** Exercise goal **
Having located the line with "A microbiota is", print it and each remaining line exactly, stopping at the end of the material and omitting pictures.

** Material provided **
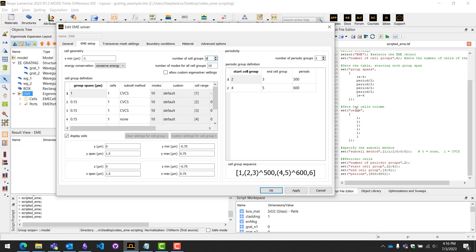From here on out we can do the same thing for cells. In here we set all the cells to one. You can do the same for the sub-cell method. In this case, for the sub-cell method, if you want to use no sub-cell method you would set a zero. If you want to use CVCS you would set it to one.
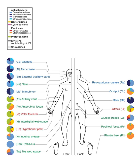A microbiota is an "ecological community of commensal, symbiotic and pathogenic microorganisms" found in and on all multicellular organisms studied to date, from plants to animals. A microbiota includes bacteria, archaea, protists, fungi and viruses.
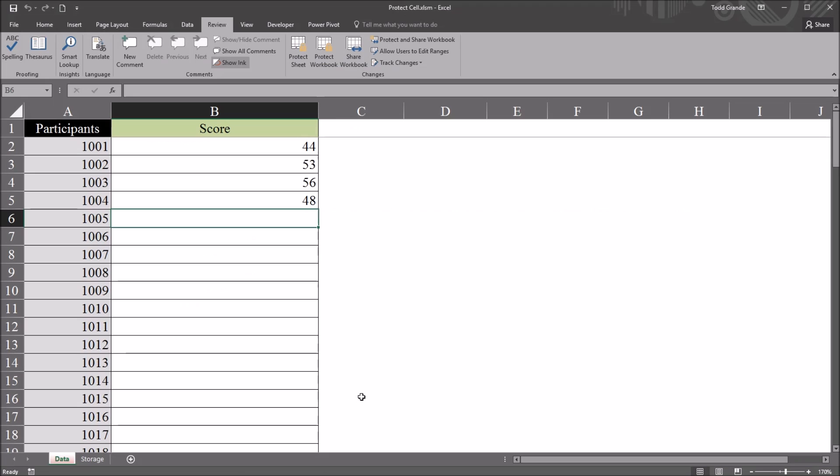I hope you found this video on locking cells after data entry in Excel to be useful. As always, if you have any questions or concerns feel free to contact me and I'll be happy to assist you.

** Task response **
A microbiota is an "ecological community of commensal, symbiotic and pathogenic microorganisms" found in and on all multicellular organisms studied to date, from plants to animals. A microbiota includes bacteria, archaea, protists, fungi and viruses.
I hope you found this video on locking cells after data entry in Excel to be useful. As always, if you have any questions or concerns feel free to contact me and I'll be happy to assist you.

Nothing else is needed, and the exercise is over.